Mid week I rated as yummy a bottle of wine offered to me. There were already three other reviews under the same label: one yum, one hmm and one yuk. That left me wondering about wine reviews and differences in general. Few people are able to pass an independent opinion about wine, especially women. I suspect that most of them rate a wine accordingly to a successful or unsuccessful date, and not to the wine itself. We all have different approaches to rating and sometimes they are strangers to the intrinsic qualities of the wine. My top reason to rate a wine as bad or good is my migraine mechanism, the taste coming only in second. If a wine tastes good and the next day I suffer from a bad migraine, it means I’ve been drinking bad stuff. In general it works, but I have to admit that sometimes my migraine might have been related with some other issue and my judgment was unfair.
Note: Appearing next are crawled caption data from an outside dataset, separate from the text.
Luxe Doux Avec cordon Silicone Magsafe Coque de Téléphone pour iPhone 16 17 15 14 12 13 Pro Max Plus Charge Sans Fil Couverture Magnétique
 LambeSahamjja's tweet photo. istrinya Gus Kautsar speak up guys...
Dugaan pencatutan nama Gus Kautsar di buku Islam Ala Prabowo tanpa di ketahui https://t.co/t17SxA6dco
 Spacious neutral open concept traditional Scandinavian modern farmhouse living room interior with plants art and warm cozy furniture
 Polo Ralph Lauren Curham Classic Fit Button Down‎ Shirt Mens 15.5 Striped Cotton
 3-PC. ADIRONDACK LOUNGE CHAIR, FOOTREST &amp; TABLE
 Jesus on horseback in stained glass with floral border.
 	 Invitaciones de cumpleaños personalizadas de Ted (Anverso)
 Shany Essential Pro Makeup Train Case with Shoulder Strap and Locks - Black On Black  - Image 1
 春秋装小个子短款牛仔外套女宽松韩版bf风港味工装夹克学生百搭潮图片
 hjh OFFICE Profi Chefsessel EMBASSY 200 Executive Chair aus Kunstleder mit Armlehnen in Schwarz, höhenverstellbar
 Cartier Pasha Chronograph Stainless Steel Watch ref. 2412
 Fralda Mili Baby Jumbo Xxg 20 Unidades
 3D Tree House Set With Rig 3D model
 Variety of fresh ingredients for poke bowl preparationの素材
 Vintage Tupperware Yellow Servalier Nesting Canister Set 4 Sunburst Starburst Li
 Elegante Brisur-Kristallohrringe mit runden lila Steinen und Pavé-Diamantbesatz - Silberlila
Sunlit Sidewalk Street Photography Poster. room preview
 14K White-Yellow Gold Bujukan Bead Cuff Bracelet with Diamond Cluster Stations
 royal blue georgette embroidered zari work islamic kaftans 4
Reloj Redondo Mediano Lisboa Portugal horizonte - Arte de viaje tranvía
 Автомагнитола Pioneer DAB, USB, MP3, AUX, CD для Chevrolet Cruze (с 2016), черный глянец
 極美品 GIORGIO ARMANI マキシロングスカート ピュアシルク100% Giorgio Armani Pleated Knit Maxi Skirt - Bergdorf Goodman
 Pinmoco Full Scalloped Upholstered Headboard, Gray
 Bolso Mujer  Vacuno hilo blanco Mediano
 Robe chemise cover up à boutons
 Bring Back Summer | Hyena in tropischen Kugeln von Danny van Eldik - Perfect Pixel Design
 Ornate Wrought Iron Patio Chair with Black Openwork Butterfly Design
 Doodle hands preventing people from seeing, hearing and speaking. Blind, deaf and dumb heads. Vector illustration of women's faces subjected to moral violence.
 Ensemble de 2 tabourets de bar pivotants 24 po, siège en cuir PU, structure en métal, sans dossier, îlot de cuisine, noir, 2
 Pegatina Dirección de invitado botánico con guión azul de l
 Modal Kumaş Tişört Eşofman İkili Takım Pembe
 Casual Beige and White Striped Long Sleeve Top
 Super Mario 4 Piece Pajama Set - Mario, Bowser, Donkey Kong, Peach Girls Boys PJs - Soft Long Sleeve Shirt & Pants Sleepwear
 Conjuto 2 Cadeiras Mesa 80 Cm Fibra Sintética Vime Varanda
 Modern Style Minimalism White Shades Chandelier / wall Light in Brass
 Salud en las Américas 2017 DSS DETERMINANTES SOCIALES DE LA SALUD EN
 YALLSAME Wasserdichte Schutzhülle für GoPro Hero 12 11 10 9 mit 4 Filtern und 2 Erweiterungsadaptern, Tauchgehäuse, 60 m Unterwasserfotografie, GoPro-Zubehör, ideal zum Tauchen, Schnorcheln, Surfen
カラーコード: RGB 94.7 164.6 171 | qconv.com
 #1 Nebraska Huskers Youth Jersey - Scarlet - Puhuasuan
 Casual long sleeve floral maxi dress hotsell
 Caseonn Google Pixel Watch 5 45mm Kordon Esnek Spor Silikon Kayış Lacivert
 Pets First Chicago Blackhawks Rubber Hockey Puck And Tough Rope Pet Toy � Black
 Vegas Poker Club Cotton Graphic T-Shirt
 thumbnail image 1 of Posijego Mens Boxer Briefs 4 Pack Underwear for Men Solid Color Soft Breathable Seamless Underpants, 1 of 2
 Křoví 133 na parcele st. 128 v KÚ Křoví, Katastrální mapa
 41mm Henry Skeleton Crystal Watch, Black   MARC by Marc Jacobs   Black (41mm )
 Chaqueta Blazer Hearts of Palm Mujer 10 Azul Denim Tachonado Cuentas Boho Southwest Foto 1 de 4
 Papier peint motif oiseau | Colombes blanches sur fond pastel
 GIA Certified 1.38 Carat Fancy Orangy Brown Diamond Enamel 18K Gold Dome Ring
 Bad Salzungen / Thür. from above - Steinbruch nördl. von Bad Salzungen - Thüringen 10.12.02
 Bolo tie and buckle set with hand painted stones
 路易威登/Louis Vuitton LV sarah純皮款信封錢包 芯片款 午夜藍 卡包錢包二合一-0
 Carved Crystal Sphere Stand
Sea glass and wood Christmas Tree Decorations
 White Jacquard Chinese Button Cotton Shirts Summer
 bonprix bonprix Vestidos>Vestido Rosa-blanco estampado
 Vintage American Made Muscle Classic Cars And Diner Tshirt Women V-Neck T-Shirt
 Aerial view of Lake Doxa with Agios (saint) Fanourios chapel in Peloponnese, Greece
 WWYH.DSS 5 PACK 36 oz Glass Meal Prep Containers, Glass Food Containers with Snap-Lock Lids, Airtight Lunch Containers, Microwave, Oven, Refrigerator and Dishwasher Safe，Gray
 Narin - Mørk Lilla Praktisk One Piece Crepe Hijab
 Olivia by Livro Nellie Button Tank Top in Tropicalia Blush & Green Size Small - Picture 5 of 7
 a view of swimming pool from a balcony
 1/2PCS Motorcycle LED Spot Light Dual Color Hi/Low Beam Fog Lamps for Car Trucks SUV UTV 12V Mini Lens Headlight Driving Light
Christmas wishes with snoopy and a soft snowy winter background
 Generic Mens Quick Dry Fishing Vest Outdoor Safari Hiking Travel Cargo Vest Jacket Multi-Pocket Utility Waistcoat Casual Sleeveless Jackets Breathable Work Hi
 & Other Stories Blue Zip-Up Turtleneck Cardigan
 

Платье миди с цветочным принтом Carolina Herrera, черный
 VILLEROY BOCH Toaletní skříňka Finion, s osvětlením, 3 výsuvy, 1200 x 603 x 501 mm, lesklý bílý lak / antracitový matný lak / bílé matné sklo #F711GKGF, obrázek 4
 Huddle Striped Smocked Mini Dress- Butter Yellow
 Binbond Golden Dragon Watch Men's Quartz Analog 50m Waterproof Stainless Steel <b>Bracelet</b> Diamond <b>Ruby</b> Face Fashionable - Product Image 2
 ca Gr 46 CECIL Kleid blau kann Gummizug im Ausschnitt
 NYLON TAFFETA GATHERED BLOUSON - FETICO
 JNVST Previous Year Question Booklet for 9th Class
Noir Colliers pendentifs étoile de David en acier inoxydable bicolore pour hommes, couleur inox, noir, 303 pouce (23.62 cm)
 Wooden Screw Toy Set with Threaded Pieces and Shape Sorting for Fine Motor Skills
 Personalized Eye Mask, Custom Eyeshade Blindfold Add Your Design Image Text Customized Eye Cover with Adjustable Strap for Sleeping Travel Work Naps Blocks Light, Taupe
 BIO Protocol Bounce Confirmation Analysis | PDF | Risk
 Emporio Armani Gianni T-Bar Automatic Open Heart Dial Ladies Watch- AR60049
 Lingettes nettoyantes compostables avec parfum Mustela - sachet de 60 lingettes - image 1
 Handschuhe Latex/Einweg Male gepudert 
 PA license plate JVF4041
Surprise, surprise, the above paragraph is only marginal in terms of this post. Sometimes I touch the subject of resenting this and that about my father. I know I shouldn’t have loved him so much for half my life, so that I wouldn’t have to feel pretty disappointed the other half. These days I look back with a more impartial look and find a man that had good and bad.

There were three major visible traces of his personality: playfulness, emotiveness and selfishness. I was captivated by his playfulness, felt uneasy towards his emotiveness and hated his selfishness. The curious is that, lately, one of his less perceived characteristics has been coming back with a disturbing persistence, living inside me and changing the way I see him and people in general.

Instead of using adjectives, I’ll give you a good example of the aspect I am talking about. Since I live in Mozambique he visited us three times, two of them he stayed with us for a couple of weeks. He was always polite with people, thanking with words and smiles any attention or favor received, but during those two occasions I remarked how he noticed the work other people realized for him. Before traveling back to Portugal, he called our maid and gave her a present accompanied with the thanks for the few shirts she ironed for him. It was a very touching thing to watch and she (and I) never forgot it. The second time he gave an envelop with some money to my cook Mario, joking with the fact that he deserved it just for sharing the same name with him.

I know I inherit many of his faults (his rages namely) but I am sure that his politeness and his capacity of appreciating the work others realize – even the humblest ones – were passed to me. I resent not to see those qualities around but a family is a kaleidoscope of influences and circumstances. Maybe one day I’ll also have the opportunity to pass them, unaware that one given occasional gesture will speak more than a thousand words.